🎹 Music + 📖 Fiction + 📣 Marketing

Category: Marketing (Page 1 of 2)

Using Apple Books AI Based Digital Narration Tool For Audiobooks

In self-publishing novels with Amazon Kindle Direct Publishing, some asked if I’d ever get audiobooks created. I always laughed, as it was way beyond my budget, as they typically cost anywhere from $6,000 to $10,000 to produce. Of course, I really did want to create an audiobook.

I even dabbled with the idea of recording it myself in a padded closet at home, but didn’t want to deal with listening to my voice or investing in the proper microphone. Plus, my house is always loud with kids and cats, and slamming doors and cabinets. I’d have to record at 3AM nightly to get it recorded in silence. (Of course, there is AI denoising software, but…)

Years ago, we routinely rented Harry Potter audiobooks on CD from the Abington Township Library. My son loved to listen to them on long travels. They were fantastic, as different talents represented unique characters for the dialogue parts. It really brought the novels to life.
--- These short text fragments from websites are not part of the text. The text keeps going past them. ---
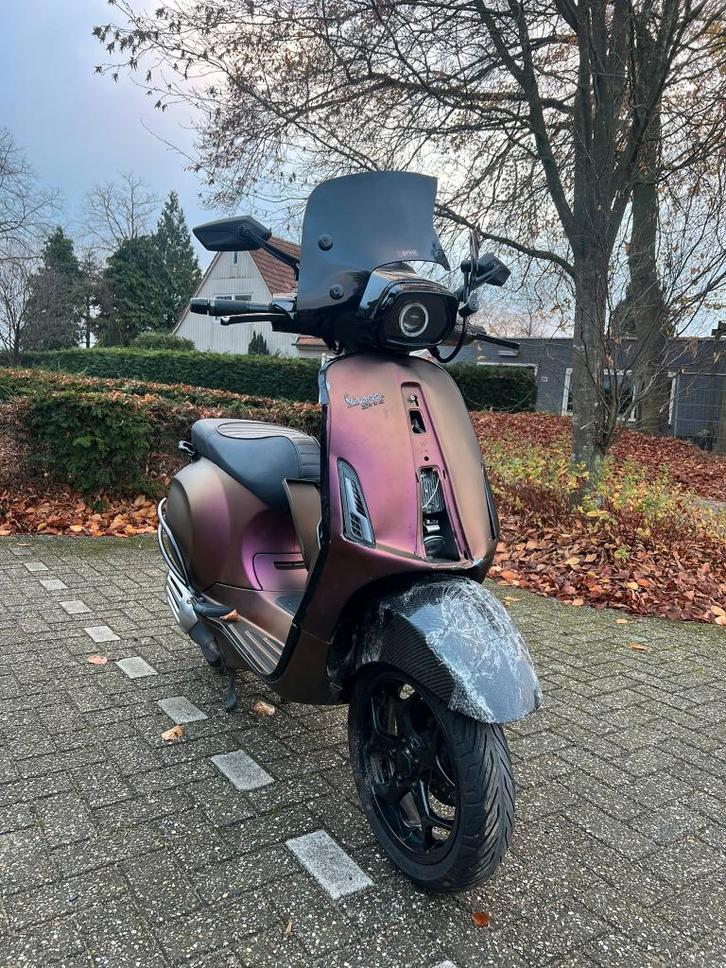 Vespa Sprint 2020 iget 3v 80cc 45km schade scooter brom, Fietsen en Brommers, Scooters | Vespa, Gebruikt, Vespa S, Maximaal 45 km/u
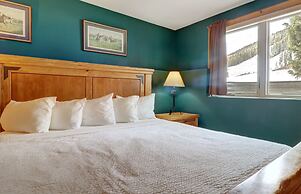 Er9 Elk Run 4 Bd 4.5 Ba 4 Bedroom Townhouse by RedAwning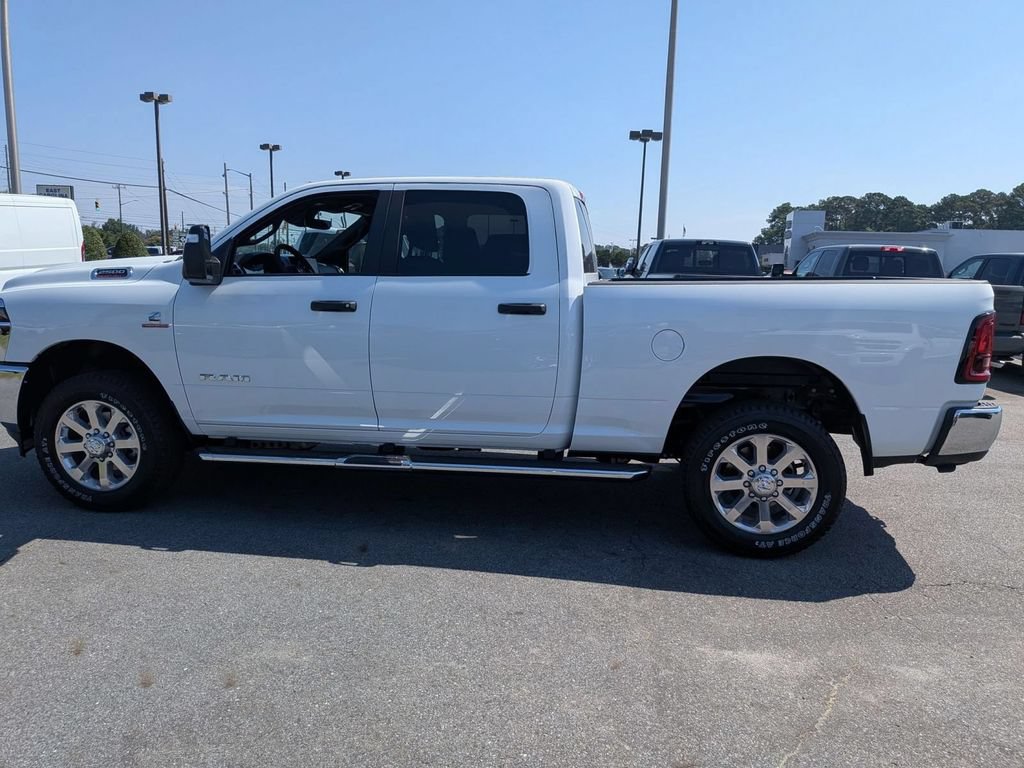 New 2026 RAM 2500 Big Horn AWD/4WD image 6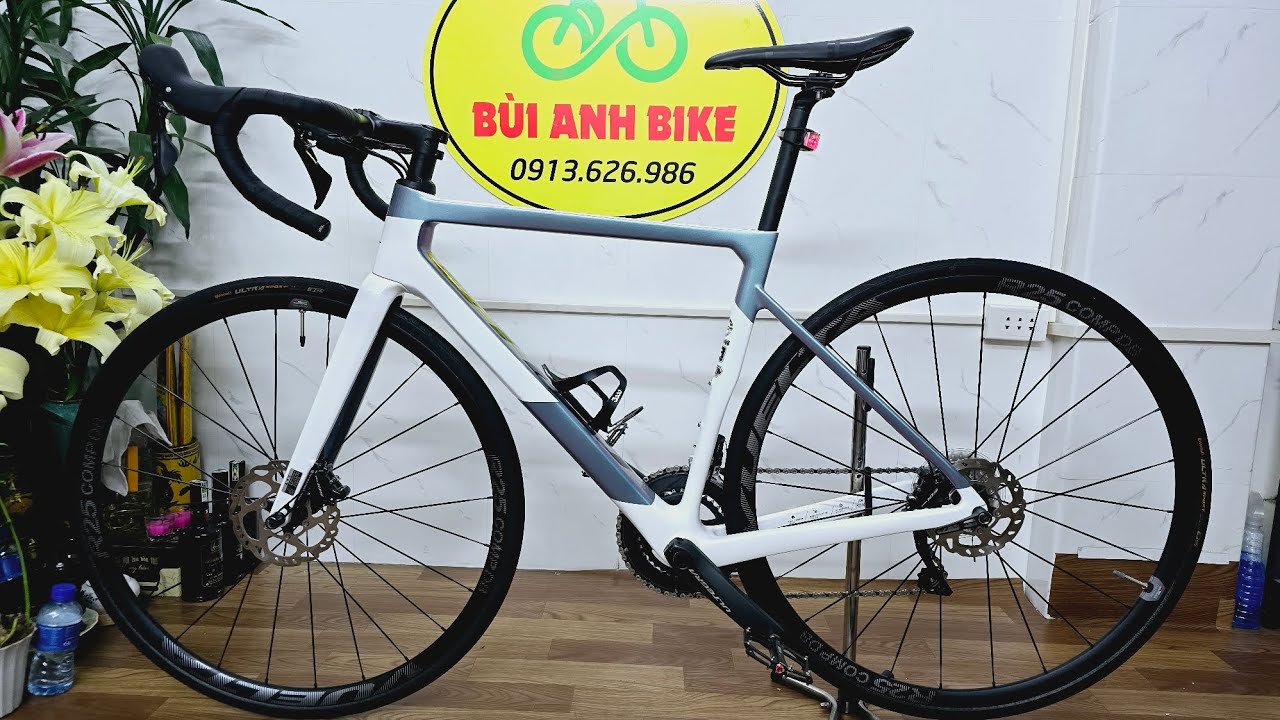 ( ĐÃ BAN )CELLO D7 hãng Ý khung CARBON gr 105/7020 2x11 CỐI NỔ s 46-50 xe nặng 8,6kg ĐT:0913626986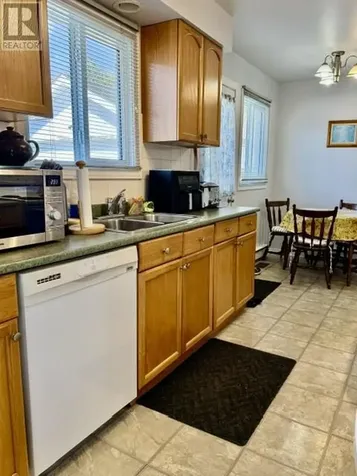 38 Ottawa Avenue Elliot Lake ON P5A 2P1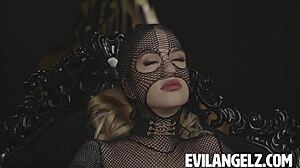 Hey, wanna see Sladyen and Tommy’s wild fishnet fantasy POV?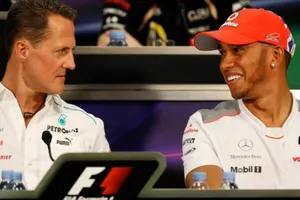 Lewis Hamilton: también pilotaría gratis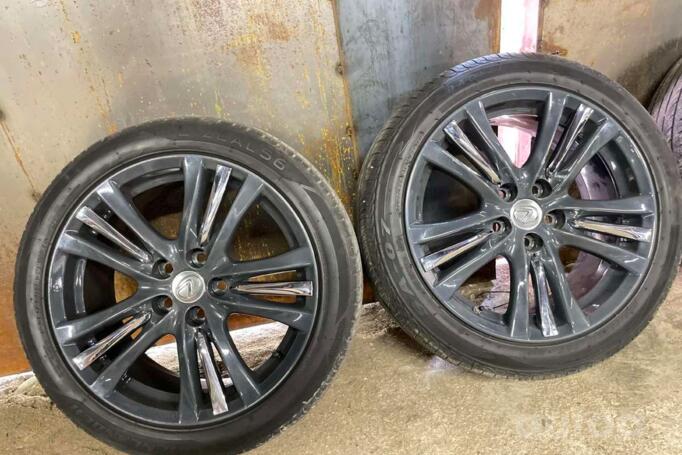 Lexus, lengvojo lydinio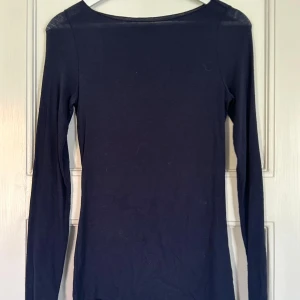 Mörkblå långärmad topp - Jättesöt och populär topp från Intimissimi. 💙💙💙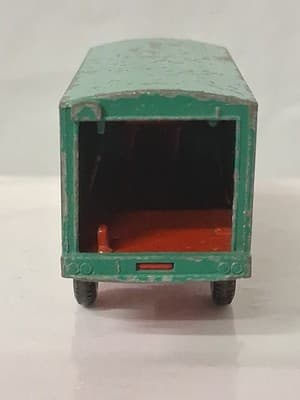 Vintage 1967 MATCHBOX LESNEY NO. 44, GMC Refrigerator Truck (missing rear door) - Thumbnail 5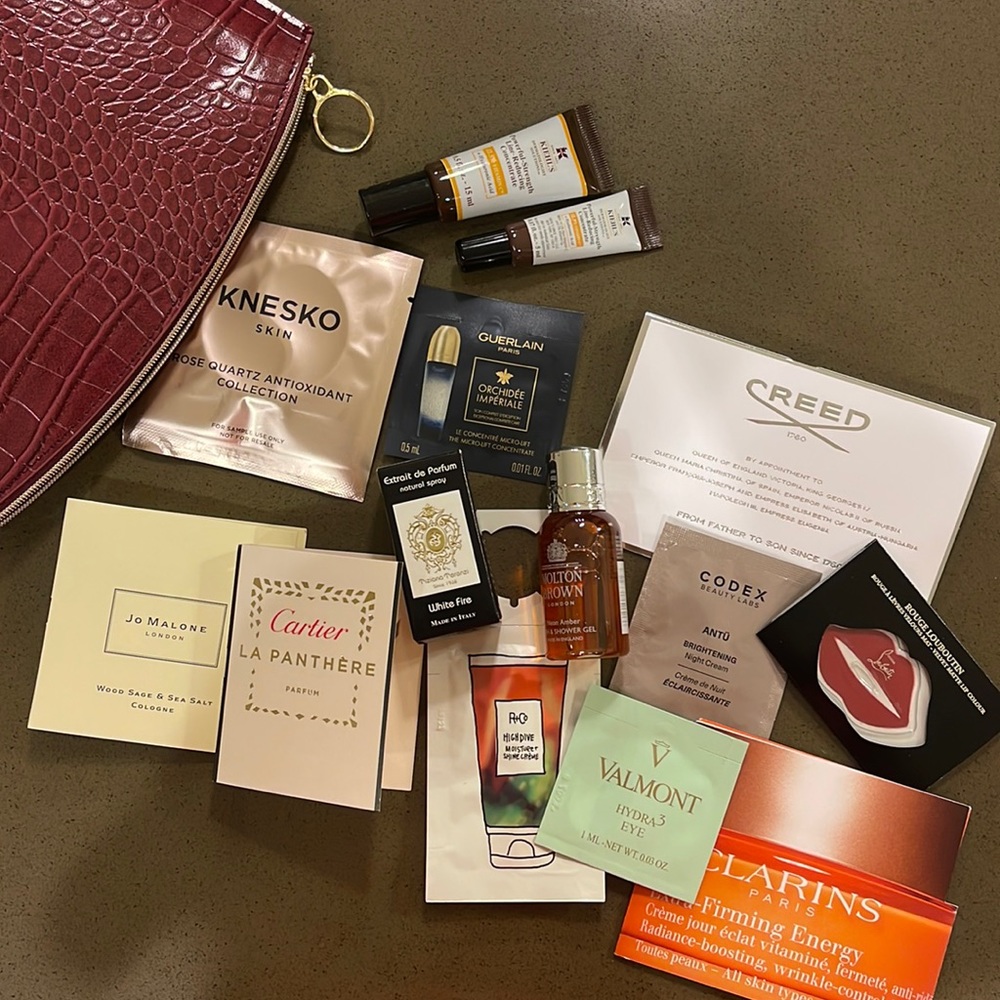 Deluxe sample bag include a full sized Kiehl’s product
Fiverr and ElevenLabs To The Rescue?

Be Home By Dinner Audiobook

As I explored Fiverr.com, I realized some freelancers could produce the novel for about $5,000, but it was still too expensive. Also, the work of creating a character list of how to pronounce the many names and settings seemed challenging to do over a Zoom meeting or many emails.

ElevenLabs.io, which I’m really fond of, was a potential solution. But it would require that I get the $330 / month plan due to the word count. It also required writing out uncertain words and have them spelled out. For example, a pizzeria called Rosario’s would need to be re-typed to Rose-air-ee-ohs so that the AI tool could understand the correct way to pronounce the word.

A Free Solution?

For ebook syndication, I use Draft2Digital, which I recently discovered is an approved partner of Apple Books, and allows authors to generate audiobooks using Apple Books AI digital narration for FREE! All that you have to do is pick out the ideal voice to represent your novel and let the AI tool spend a few weeks with your ebook. It’s currently restricted to categories of romance, fiction, mystery and thriller, or science fiction and fantasy.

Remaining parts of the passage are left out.